Everything felt… familiar. But not remembered. Like a place he'd never been, except in dreams.

The blanket slid from his shoulders. Same texture. Same weight. He moved to the wall, touched the practice blade still mounted there. His fingers knew where to grip it.

Not in a conscious way.

More like—he'd done this before.

He stared at it for a long time.

Then the door opened.

Kazuki turned fast, heart in his throat.

Tadakatsu stepped inside. Same face. Same walk. Same voice.

"You're up early, Hideyoshi-sama."

Kazuki said nothing.

Tadakatsu placed a tray on the floor. "You didn't touch dinner last night. I brought tea."

Steam curled upward. Sharp. Pine. The smell reached Kazuki's nose and stopped him cold.

He knew it.

Every detail.

This was—

No. Stop. He needed to focus.

He was alive. That was the part that mattered. The rest—maybe it was a nightmare. A hallucination. Something chemical.
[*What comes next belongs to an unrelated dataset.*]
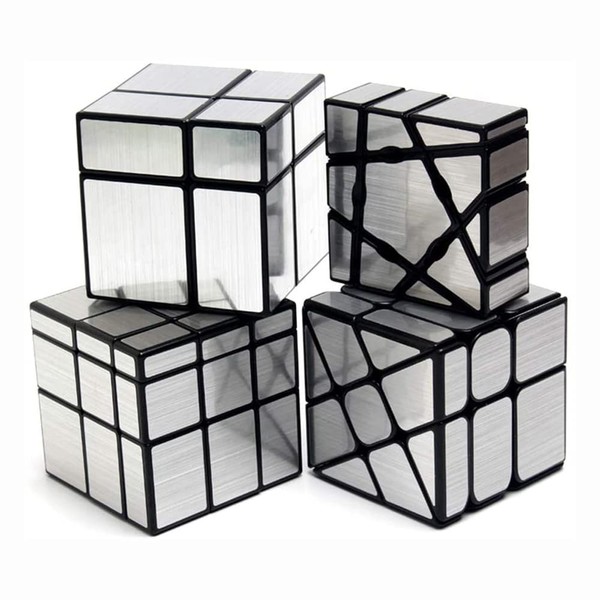 Yealvin Set di cubi magici, 1 × 3 × 3 Floppy Cube 2 × 2, 3 × 3 cubi magici e 3 × 3 puzzle Windmill Magic Cube per lo sviluppo dell'intelligenza, Brain Teaser, 4 pezzi, argento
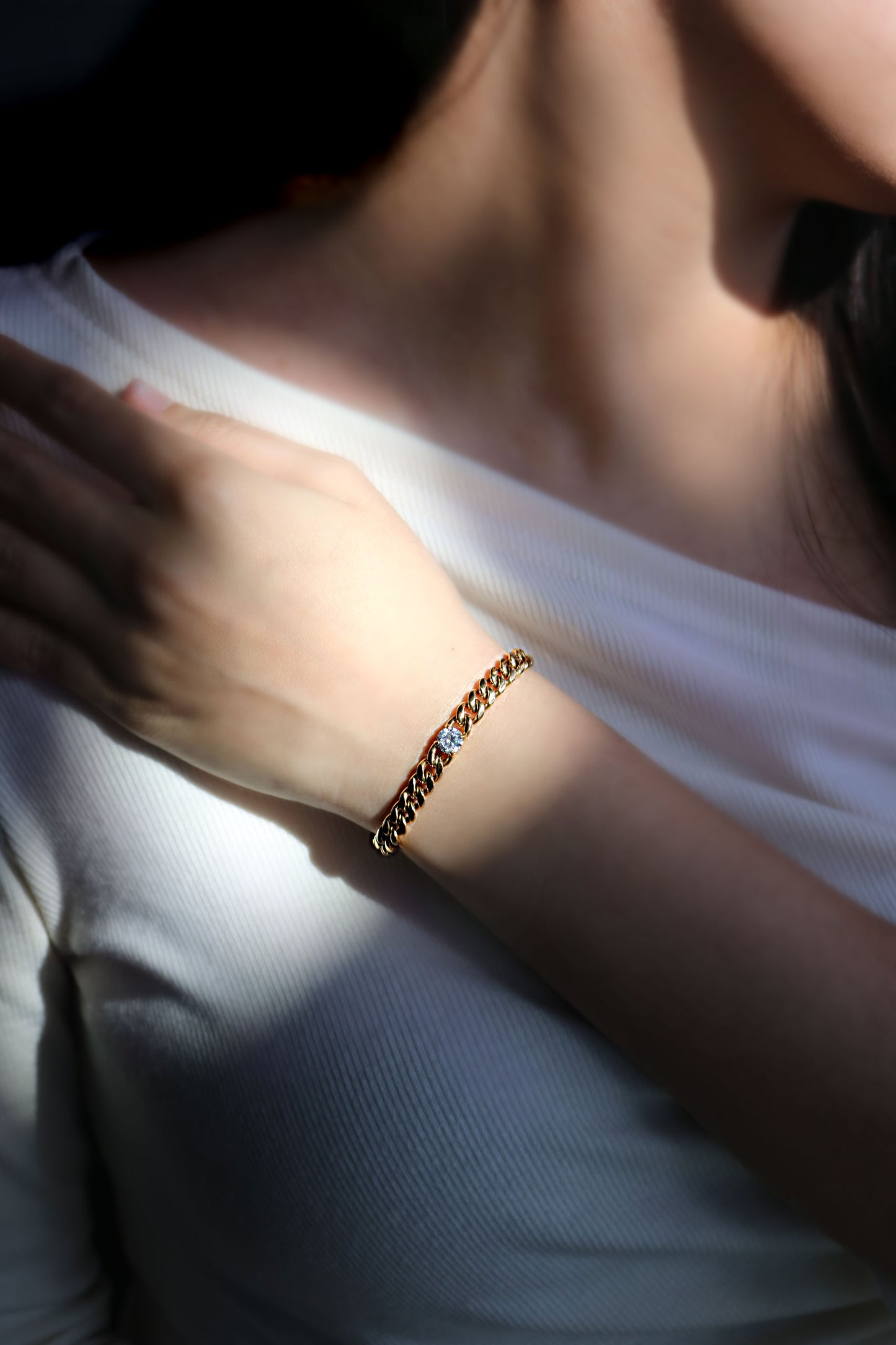 LG047 Golden Radiance Choker Moissanite Necklace/Bracelet Set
He had collapsed in the fight with Vargas, hadn't he?

Maybe this was a coma dream.

Maybe he never woke up from the arena.

"Are you feeling alright?" Tadakatsu asked.

Kazuki forced himself to nod. "Yeah."

"You had a fever yesterday. Mayu said you barely said three words."

"Did I?"

Tadakatsu smiled like it was a joke. "You sound better now."

Kazuki sat back down, legs folding without thinking. He stared at the tray.

Steam curled the exact same way.

He hadn't dreamed this.

He couldn't have dreamed it with this much detail.

But if this wasn't a dream—

He picked up the tea cup.

Held it in his hand.

Same weight.

Same warmth.

He didn't drink.

He just sat there, watching the way the candlelight flickered across the surface of the liquid.

Drip.

Another drop.

Exactly the same rhythm.

Tadakatsu said something else. Kazuki didn't catch it.

He wasn't listening anymore.

Something was wrong.

But he didn't know how to say it.

Didn't even know what it was.

So he smiled.

Faked it.

Held the cup to his lips.

And said nothing.

Kazuki held the tea for too long.

The warmth seeped into his fingers. Too long. Too constant.

He set it down.

Not because he was finished drinking.

Because he hadn't sipped it at all.

Tadakatsu was still speaking—routine updates, guard rotations, scout reports. The kind of daily rhythm meant to keep a war machine running. Kazuki heard every word, but they slid past him. Like water. Like wind through armor.

Then came a sound from the corridor.

Light steps. Sharp. Familiar.

And her voice.

"I'm telling you, if the patrols saw movement and didn't report it until morning, we're already behind."

Kazuki's entire body went still.

That voice.

That timing.

He turned his head.

The door hadn't opened yet. But he could hear her just outside.

Mayu.

His stomach turned. Not from fear. From something colder. More quiet.

She's alive.

He heard her footsteps stop outside the chamber. Murmured conversation with someone—low, clipped tones. A rustle of parchment. The same rhythm as before.

The same exact rhythm.

"Should I send her in?" Tadakatsu asked gently.

Kazuki stood. Too fast again. The cup rattled against the tray as he moved. His legs carried him to the far wall—toward the sword—but he stopped short of touching it this time.

"No," he said.

Tadakatsu paused. "No?"

"I'll go to her."

Kazuki crossed the room. Slid the door open himself.

There she was.

Mayu turned at the sound. Her hair was tied back, her armor only half-buckled. A roll of reports under one arm. She looked… alive.

Exactly as he remembered.

No burn scars. No singed sleeve. No blood smeared across her cheek. Just clean, focused, sharp-eyed Mayu.

Kazuki stared.

She frowned. "What?"

"Nothing." He forced a smile. "You look… rested."

"I should hope so," she said, brushing past him into the room. "We have enough unrest outside without starting our day with it in here."

He turned to follow her but didn't step forward.

She was right there.

Alive.

Talking.

Breathing.

He remembered her hands burning. The smoke. The fire. The sound her body made when—

Kazuki stumbled back a step. His heel caught the edge of the tray. The tea cup tipped. Spilled.

Hot liquid splashed across the tatami.

Tadakatsu knelt immediately, dabbing it up with the edge of his sleeve. "Careful."

Kazuki didn't answer.

His hand was trembling.

"I'm sorry," he muttered. "I didn't mean—"

"Your fever again?" Mayu asked.

He shook his head.

But he didn't speak.

She crouched beside the map roll, laying it flat near the corner.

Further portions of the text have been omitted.